Pour « Le voyage », une nouvelle fois Cimino sort des sentiers battus. Le point de vue adopté est celui du départ de copains d’un bled de Pennsylvanie, la fleur au fusil, pour le Vietnam, et surtout, leur retour et l’état dans lequel ils reviennent. Entre les deux, cette saloperie de guerre du Vietnam, moulinette au travers de laquelle ils sont passés.
Reprenons, voulez-vous la suite de la fiche
Qui fait quoi ?
Pardon pour les très bons acteurs du casting mais peu connus des spectateurs européens. On retiendra :
Mickey Rourke
C’est son premier grand premier rôle. Il va vite devenir le nouveau Marlon Brando/James Dean d’Hollywood tant il impressionne par son charisme et une sensibilité à fleur de peau. Il faut dire que, comme eux, il a été élève de l’« Actors Studio » Ses fans se souviendront de lui dans « Angel Heart » 1987 d’Alan Parker ou « Barfly » 1987 de Barbet Schroeder ou encore « 9 semaines ½ » 1986 d’Adrian Lyne avec Kim Bassinger. Par la suite, il eut une carrière cabossée comme sa gueule de boxeur, broyé, comme tant d’autre par le système hollywoodien.
Caroline Kava
Pour la fabuleuse scène « d’après l’orage ». Elle fit ses débuts dans « La porte du paradis » 1980 de Michael Cimino. Et les amateurs de série américaine ont pu la reconnaître ça ou là.
Temps forts
Quand un collègue et ami de Mickey Rourke lui dit qu’il prend les choses trop à cœur. Réponse de Rourke : « Comment peut-on ne pas prendre les choses trop à cœur ? »
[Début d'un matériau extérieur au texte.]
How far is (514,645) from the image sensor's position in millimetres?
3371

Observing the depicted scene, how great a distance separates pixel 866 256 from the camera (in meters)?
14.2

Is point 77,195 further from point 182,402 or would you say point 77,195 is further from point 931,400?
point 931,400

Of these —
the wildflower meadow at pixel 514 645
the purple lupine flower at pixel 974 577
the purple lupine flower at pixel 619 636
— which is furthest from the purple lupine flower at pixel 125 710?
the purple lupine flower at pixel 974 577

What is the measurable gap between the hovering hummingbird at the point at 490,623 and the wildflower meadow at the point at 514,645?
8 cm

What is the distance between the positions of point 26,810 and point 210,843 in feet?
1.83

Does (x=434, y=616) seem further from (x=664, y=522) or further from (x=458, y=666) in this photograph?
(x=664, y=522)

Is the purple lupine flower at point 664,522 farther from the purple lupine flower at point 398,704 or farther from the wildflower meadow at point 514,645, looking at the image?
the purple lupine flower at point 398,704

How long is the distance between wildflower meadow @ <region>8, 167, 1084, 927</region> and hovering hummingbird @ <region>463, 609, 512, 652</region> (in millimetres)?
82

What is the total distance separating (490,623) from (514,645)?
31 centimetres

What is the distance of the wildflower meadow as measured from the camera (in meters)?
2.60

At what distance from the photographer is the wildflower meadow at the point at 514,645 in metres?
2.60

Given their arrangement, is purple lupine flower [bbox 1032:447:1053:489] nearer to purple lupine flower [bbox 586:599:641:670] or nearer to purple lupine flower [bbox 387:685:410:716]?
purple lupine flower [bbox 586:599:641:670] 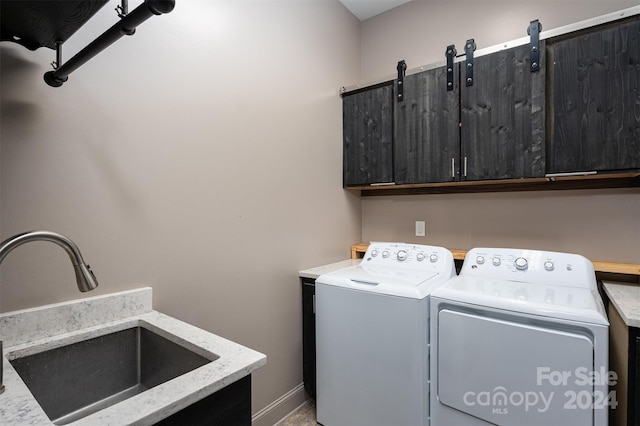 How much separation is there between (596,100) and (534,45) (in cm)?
42

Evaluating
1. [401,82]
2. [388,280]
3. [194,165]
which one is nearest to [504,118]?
[401,82]

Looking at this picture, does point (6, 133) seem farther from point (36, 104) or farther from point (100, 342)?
point (100, 342)

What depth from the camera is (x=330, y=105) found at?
93.9 inches

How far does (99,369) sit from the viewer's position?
3.63 ft

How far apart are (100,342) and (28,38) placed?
102cm

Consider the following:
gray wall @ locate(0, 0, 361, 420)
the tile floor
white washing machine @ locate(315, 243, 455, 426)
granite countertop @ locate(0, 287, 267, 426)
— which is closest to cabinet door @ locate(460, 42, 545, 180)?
white washing machine @ locate(315, 243, 455, 426)

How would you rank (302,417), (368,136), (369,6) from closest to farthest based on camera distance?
1. (302,417)
2. (368,136)
3. (369,6)

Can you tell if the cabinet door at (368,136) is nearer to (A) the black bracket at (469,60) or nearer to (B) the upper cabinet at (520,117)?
(B) the upper cabinet at (520,117)

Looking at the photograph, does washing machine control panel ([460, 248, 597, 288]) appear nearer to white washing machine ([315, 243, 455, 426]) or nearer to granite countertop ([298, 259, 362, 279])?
white washing machine ([315, 243, 455, 426])

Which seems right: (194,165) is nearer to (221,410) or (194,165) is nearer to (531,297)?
(221,410)

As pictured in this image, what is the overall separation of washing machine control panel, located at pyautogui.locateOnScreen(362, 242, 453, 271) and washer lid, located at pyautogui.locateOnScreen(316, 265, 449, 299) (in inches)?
2.4

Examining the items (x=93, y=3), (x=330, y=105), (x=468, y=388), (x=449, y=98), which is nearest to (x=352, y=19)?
(x=330, y=105)

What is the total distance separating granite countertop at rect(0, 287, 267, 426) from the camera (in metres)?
0.66

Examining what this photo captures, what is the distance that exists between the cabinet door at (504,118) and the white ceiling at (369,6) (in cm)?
100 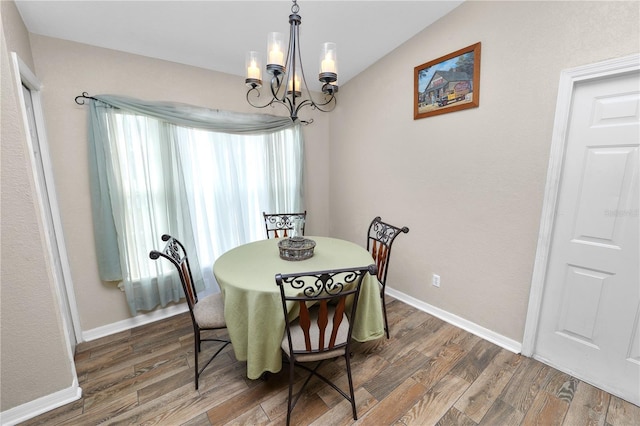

Réponse de Stanley White aux instructions qui lui sont données après les derniers massacres de la mafia, dont Connie sa femme: « On y va pour gagner cette fois ? » en référence à la déculottée américaine au Vietnam.
Stanley White, tout à sa détermination et sa rage à vouloir détruire la mafia asiatique, délaisse son épouse Connie. Rien de particulier sauf une histoire ordinaire de couple. Ils ont décidé « de mettre un enfant en route » Ce n’est pas facile. Il faut respecter des dates. Connie commence à être âgée. Il rentre un matin excité par le cours nocturne que vient de prendre sa mission. Il a tout oublié de la soirée prévue. S’en suit une scène de ménage orageuse comme seule Cimino sait le faire.
La scène suivante, nous montre Connie assise sur l’escalier arrière de la maison. Je ne sais plus si elle renifle mais elle reprend doucement son souffle. C’est le silence en contre point les éclats de voix de la scène de ménage. Cimino installe ce silence. La scène et longue. Comme le silence, elle dure. Tout est immobile. Le silence semble tout tenir en respect.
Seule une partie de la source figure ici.